##### Given data #####

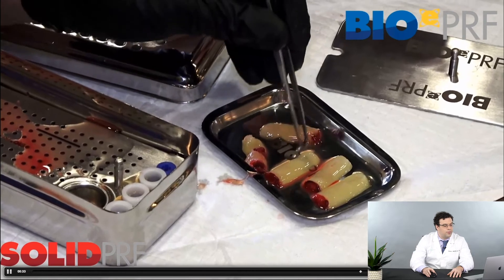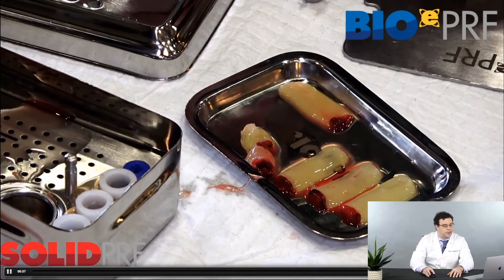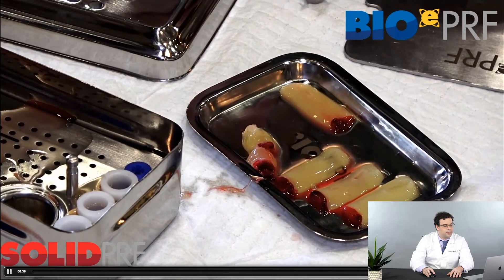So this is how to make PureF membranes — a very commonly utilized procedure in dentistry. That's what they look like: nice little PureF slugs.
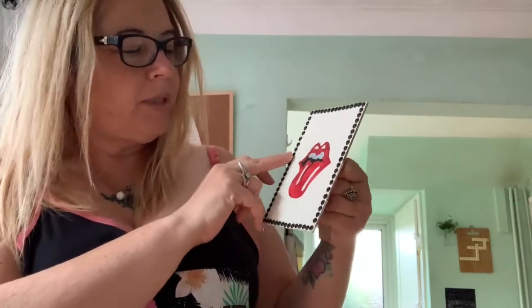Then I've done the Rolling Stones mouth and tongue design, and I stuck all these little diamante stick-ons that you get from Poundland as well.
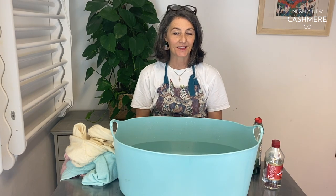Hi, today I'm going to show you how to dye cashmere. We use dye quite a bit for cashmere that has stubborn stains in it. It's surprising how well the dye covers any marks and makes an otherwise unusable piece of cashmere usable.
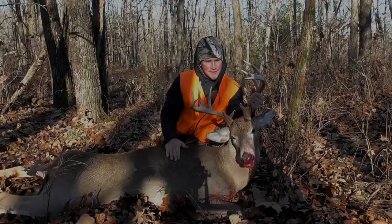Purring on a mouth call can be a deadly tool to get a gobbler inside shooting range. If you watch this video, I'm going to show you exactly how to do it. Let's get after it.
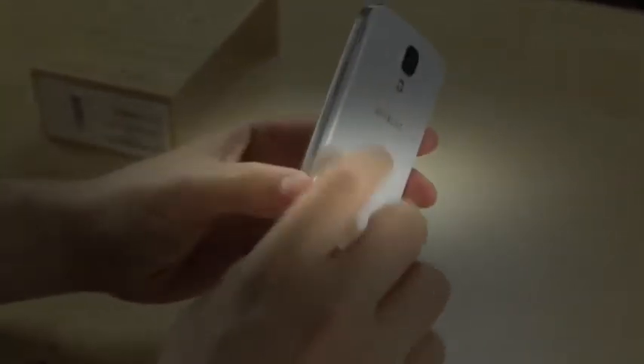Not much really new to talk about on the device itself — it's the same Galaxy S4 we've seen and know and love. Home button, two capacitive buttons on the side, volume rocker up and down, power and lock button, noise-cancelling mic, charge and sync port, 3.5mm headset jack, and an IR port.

#####
##### Given data #####

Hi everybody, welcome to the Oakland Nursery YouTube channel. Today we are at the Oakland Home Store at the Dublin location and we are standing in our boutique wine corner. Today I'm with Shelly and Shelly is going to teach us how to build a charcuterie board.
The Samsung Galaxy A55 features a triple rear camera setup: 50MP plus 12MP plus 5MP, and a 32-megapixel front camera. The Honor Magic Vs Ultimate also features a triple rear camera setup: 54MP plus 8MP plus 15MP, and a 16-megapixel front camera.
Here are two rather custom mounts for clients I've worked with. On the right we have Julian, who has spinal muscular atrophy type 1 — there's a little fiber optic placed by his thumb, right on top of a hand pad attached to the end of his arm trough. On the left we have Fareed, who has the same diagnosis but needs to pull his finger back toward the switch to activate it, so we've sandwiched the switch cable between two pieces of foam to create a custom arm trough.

#####

Task directions: Using the records above, repeat exactly the run of lines that starts with the line with "Then I've done" and goes on through the line with "Not much really"; omit each picture.

Exercise answer:
Then I've done the Rolling Stones mouth and tongue design, and I stuck all these little diamante stick-ons that you get from Poundland as well.
Hi, today I'm going to show you how to dye cashmere. We use dye quite a bit for cashmere that has stubborn stains in it. It's surprising how well the dye covers any marks and makes an otherwise unusable piece of cashmere usable.
Purring on a mouth call can be a deadly tool to get a gobbler inside shooting range. If you watch this video, I'm going to show you exactly how to do it. Let's get after it.
Not much really new to talk about on the device itself — it's the same Galaxy S4 we've seen and know and love. Home button, two capacitive buttons on the side, volume rocker up and down, power and lock button, noise-cancelling mic, charge and sync port, 3.5mm headset jack, and an IR port.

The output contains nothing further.